There are many ways to do this. Apart from biomaRt, you can use the Mus musculus TxDb object:
> source("https://bioconductor.org/biocLite.R")
> biocLite('TxDb.Mmusculus.UCSC.mm10.ensGene')
> mygenes = c("ENSMUSG00000029847",
"ENSMUSG00000085236", "ENSMUSG00000063364","ENSMUSG00000085247",
"ENSMUSG00000072893","ENSMUSG00000018800","ENSMUSG00000020865",
"ENSMUSG00000023832","ENSMUSG00000045730","ENSMUSG00000007827",
"ENSMUSG00000021950","ENSMUSG00000071847","ENSMUSG00000025154",
"ENSMUSG00000047446","ENSMUSG00000026628","ENSMUSG00000029673")
> mygenes.transcripts = subset(transcripts(TxDb.Mmusculus.UCSC.mm10.ensGene, columns=c("tx_id", "tx_name","gene_id")), gene_id %in% mygenes)
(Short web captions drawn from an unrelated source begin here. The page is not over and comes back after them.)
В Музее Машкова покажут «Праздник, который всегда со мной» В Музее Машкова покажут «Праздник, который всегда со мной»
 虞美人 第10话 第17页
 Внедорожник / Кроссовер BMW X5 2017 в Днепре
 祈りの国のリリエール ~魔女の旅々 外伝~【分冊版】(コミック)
GRanges object with 62 ranges and 3 metadata columns:
seqnames ranges strand | tx_id tx_name gene_id
<Rle> <IRanges> <Rle> | <integer> <character> <CharacterList>
[1] chr1 [191170296, 191183340] - | 4925 ENSMUST00000027941 ENSMUSG00000026628
[2] chr1 [191171425, 191183108] - | 4926 ENSMUST00000131854 ENSMUSG00000026628
[3] chr2 [135169573, 135215616] - | 13731 ENSMUST00000138303 ENSMUSG00000085247
[4] chr2 [150310935, 150362765] - | 13893 ENSMUST00000051153 ENSMUSG00000063364
[5] chr2 [150310937, 150362733] - | 13894 ENSMUST00000124945 ENSMUSG00000063364
... ... ... ... ... ... ... ...
[58] chr18 [62177817, 62179959] - | 86501 ENSMUST00000053640 ENSMUSG00000045730
[59] chr19 [41766588, 41802047] - | 88750 ENSMUST00000026150 ENSMUSG00000025154
[60] chr19 [41766591, 41802084] - | 88751 ENSMUST00000163265 ENSMUSG00000025154
[61] chr19 [41769800, 41781336] - | 88752 ENSMUST00000176266 ENSMUSG00000025154
[62] chr19 [41769994, 41802047] - | 88753 ENSMUST00000177495 ENSMUSG00000025154
This will create a GenomicRanges
object called mygenes.transcripts
, from which you can access the coordinates of all transcripts of each gene. If you want to avoid complications and prefer to have just one coordinate per gene, use genes()
instead of transcripts()
To get the TSS, just resize the object to one base:
> mygenes.tss = resize(mygenes.transcripts, width=1, fix='start')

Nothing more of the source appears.